E.g., if you search for "charisma", you will find that words like "great", "lacks", and "handsome" were roughly 20 times more likely to occur in tweets with the word "charisma" in it than in a random sample of all tweets. Twords creates a list of these disproportionately-used words, in order of how many times more likely they are to appear in tweets containing search term that otherwise. 
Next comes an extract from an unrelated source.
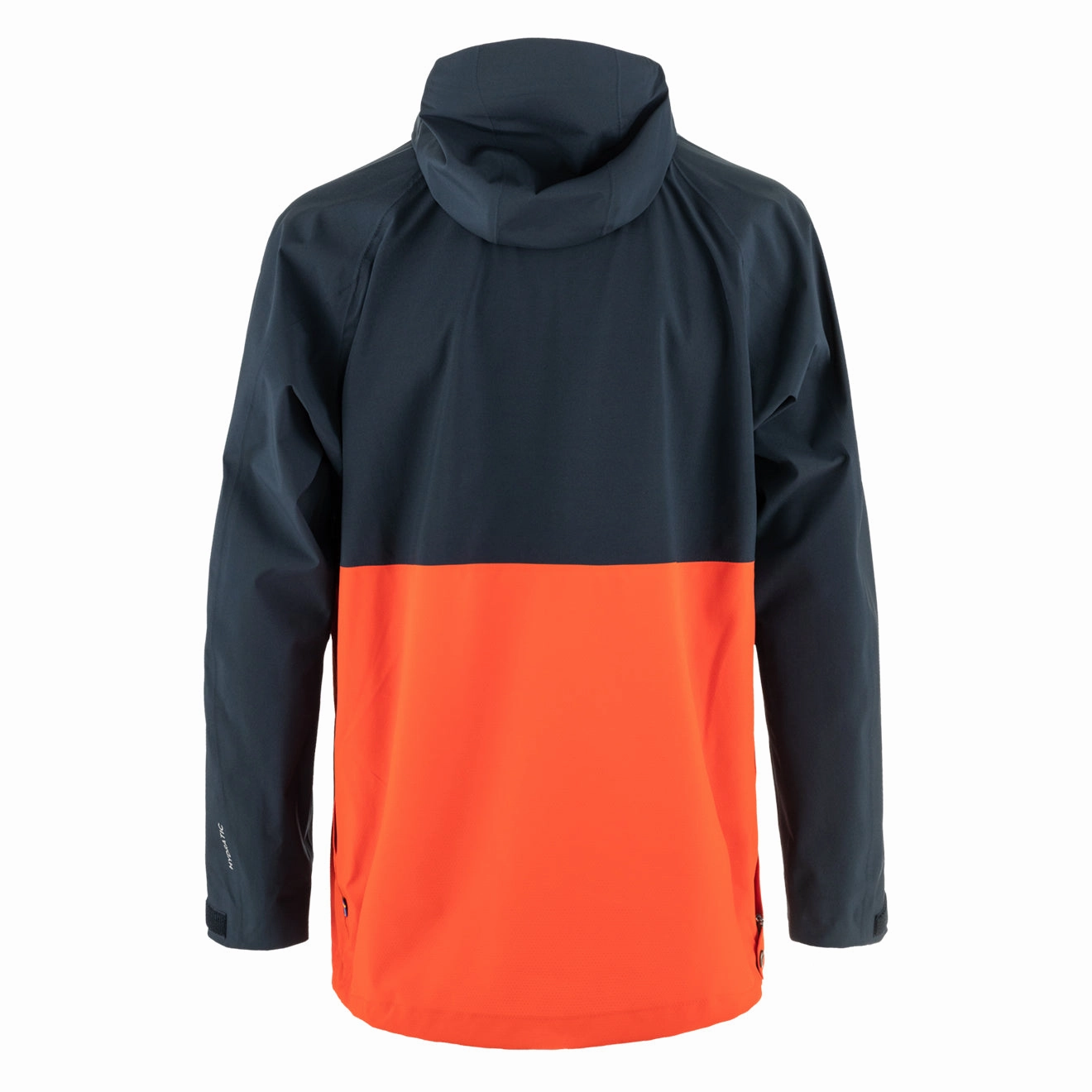 Fjallraven Vardag Hydratic Anorak Dark Navy / Flame Orange EndofWeek Deals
Once the frequency chart is found with the list of disproportionately used words, the user can search the tweet corpus for tweets containing one of these words to see what types of tweets had them. In the charisma example, it was found that "carpenter" was one of the most common words in these tweets, but a search in the tweet corpus revealed that a popular actress was named "charisma carpenter", so all tweets about her were included. Since this was not the sense that was intended, Twords lets the user delete tweets from the corpus by search term and re-do the frequency analysis. In this case, tweets containing the word "carpenter" were removed. (This would also remove a tweet that said something like "the carpenter I hired had great charisma", which we would probably want to include in the corpus, but this is a small price to pay to remove the many unwanted "charisma carpenter" tweets.) Another common use of this delete function is to remove spam - spam often consists of idential tweets coming simultaneously from several different accounts, which can produce noticeable (and probably undesired) frequency associations in the final bag-of-words analysis.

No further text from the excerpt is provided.